Hence why I am saying : as well as putting forward the structural reforms required from parochial boy's analysis, the Left should also look into making it easier for young people to get jobs. Right now the unions in Spain are labour aristocracy. The same phenomenon that - in other countries - held back womens rights in the workplace to reduce the supply of labour so they could bargain for more. No wonder they have a terrible image.

A big part of the problem is back in the winds of history - the latin countries developed communist inspired trade unions who saw there role to be the wholesale overturning of capitalism and obstinate, unambiguous opposition to the bosses.
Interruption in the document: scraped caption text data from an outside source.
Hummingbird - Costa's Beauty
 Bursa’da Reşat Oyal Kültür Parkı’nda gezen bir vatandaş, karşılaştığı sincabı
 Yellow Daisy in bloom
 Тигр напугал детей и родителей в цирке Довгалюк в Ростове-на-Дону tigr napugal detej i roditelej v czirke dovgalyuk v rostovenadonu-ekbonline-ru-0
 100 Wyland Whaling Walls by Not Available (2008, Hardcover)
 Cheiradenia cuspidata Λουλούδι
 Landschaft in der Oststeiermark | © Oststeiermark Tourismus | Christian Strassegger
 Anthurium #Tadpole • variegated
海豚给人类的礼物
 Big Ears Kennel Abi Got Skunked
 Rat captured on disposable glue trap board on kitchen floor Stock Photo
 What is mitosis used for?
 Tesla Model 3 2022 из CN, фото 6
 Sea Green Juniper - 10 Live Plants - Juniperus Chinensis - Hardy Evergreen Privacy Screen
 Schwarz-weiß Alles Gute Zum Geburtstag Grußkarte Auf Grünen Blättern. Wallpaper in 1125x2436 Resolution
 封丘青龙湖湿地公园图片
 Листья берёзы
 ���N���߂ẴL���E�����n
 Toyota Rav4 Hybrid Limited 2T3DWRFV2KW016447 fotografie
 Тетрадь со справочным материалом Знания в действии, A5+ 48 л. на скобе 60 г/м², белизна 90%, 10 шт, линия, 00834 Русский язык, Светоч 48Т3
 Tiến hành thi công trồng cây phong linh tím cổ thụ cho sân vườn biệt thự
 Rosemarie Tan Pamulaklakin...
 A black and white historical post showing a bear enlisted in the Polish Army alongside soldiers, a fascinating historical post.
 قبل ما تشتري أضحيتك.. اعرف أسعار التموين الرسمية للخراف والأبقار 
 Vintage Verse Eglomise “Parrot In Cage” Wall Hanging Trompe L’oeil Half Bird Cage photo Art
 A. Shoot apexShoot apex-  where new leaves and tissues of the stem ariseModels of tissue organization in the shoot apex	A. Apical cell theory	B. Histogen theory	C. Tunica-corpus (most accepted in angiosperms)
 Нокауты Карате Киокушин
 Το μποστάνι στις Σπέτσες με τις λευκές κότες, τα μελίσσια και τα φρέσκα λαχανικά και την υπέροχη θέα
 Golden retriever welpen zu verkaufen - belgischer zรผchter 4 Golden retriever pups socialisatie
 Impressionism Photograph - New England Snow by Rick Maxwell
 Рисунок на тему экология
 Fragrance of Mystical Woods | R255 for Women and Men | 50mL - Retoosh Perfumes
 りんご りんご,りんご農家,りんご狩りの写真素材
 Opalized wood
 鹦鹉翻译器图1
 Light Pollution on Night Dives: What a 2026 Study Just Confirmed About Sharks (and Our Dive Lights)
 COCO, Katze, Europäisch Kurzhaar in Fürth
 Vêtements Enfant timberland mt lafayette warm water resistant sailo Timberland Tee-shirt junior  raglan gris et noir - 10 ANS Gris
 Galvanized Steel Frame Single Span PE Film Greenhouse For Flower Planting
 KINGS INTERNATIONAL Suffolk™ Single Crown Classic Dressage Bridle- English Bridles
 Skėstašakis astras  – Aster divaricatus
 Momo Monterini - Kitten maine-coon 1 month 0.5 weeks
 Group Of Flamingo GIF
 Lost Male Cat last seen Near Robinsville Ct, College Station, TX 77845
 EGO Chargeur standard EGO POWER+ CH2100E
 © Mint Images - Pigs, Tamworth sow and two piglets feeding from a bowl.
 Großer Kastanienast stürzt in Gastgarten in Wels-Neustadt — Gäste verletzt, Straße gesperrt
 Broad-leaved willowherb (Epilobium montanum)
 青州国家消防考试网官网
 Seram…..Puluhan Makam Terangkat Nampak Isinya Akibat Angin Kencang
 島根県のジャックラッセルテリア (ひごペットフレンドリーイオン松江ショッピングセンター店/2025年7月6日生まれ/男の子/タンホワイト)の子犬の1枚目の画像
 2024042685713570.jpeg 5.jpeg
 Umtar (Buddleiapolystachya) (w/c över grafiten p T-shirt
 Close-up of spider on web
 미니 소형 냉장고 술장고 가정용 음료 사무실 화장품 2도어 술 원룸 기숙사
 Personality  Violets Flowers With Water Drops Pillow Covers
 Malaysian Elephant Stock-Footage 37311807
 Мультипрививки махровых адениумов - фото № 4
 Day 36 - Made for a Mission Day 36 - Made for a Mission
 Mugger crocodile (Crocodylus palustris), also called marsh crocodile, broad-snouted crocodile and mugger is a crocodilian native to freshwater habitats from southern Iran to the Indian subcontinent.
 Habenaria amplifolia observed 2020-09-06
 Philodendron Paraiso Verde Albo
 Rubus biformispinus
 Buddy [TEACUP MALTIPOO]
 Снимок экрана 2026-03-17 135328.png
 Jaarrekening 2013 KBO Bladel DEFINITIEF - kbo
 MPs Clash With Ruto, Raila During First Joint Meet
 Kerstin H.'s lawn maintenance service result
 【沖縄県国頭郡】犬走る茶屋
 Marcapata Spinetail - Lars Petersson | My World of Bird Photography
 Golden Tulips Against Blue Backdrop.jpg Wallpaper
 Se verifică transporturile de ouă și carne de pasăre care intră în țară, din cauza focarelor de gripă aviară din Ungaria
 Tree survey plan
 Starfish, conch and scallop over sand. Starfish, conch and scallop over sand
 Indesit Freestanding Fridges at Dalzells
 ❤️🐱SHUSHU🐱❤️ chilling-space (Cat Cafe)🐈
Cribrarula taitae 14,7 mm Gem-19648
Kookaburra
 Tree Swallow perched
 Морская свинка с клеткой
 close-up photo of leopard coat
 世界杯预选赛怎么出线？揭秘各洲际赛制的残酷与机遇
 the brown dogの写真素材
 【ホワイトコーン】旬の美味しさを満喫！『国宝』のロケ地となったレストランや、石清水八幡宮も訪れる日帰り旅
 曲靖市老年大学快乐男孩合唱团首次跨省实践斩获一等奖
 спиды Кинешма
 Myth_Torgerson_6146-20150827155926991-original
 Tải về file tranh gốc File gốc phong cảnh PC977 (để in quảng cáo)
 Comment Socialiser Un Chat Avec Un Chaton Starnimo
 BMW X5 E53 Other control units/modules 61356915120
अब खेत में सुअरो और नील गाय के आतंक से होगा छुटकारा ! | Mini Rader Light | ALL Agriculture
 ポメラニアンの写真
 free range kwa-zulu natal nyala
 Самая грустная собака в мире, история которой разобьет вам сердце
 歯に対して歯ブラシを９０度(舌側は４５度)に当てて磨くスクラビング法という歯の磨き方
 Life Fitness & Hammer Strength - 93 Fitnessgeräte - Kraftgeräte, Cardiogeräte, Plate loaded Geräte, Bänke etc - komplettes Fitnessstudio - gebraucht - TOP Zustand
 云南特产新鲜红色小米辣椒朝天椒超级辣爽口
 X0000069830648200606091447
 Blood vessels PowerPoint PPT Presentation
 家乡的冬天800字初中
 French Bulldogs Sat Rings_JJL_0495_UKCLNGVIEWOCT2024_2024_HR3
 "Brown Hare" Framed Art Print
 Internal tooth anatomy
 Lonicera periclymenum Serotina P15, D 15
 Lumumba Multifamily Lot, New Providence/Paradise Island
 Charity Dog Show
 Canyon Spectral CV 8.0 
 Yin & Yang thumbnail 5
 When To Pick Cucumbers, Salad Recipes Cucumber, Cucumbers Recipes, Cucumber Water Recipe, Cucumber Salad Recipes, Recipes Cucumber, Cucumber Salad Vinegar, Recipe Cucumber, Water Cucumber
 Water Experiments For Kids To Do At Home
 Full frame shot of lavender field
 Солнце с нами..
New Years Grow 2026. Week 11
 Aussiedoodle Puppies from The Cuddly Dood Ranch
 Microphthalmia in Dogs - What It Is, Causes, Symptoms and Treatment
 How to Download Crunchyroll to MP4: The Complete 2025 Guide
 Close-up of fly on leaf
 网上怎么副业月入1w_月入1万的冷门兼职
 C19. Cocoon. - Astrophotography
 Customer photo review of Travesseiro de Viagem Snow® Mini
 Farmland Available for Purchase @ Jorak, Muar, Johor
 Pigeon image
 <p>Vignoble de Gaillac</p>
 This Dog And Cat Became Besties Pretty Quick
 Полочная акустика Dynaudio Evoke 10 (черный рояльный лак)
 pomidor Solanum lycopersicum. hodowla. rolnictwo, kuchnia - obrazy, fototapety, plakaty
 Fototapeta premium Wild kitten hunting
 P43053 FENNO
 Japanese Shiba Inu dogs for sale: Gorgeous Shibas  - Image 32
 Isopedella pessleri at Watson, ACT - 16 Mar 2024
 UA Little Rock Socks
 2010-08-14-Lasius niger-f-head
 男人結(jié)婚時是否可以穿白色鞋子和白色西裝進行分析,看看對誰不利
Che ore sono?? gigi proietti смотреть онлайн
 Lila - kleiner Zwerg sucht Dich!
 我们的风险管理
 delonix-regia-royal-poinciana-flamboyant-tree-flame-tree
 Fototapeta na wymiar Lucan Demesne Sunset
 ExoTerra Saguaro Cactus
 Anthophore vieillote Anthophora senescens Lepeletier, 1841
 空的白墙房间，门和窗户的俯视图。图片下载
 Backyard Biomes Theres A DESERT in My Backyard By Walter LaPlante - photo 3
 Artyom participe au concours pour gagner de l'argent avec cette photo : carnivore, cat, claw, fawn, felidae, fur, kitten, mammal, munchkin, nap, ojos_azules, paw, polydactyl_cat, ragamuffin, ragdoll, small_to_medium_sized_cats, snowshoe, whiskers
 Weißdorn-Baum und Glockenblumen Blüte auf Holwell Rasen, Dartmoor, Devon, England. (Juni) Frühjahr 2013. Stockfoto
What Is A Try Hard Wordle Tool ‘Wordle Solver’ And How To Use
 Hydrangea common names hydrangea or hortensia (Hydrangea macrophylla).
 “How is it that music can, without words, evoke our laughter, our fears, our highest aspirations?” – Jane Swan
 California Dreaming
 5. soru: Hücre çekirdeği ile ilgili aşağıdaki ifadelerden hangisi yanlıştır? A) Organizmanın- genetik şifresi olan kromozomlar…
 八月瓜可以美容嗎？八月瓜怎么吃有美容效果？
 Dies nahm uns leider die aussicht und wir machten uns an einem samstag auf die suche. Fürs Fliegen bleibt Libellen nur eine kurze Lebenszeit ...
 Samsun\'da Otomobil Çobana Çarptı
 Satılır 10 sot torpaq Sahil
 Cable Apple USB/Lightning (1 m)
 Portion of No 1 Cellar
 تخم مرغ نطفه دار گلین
In the more succesful countries, there has always been a more collaborative relationship.

I'm not sure the answer is "weaken" the trade unions, at the risk of winding up with the opposite side of the story, which is the horror of the UK/US style liberal labour market, but instead to somehow change the remit in which they operate; so that you wind up with something closer to the German or Swiss model of trade unionism.

As for the liberalisation argument. Well isn't it just the case that you wind up displacing the problem from the young to the old? And in any case, France has gone through a series of liberalisation, and the issue at hand has not budged. So I am minded to think the structural issues - be it deindustrialisation, industrial and fiscal policy, the pain and failure of an economic transition - all count for more at the end of the day.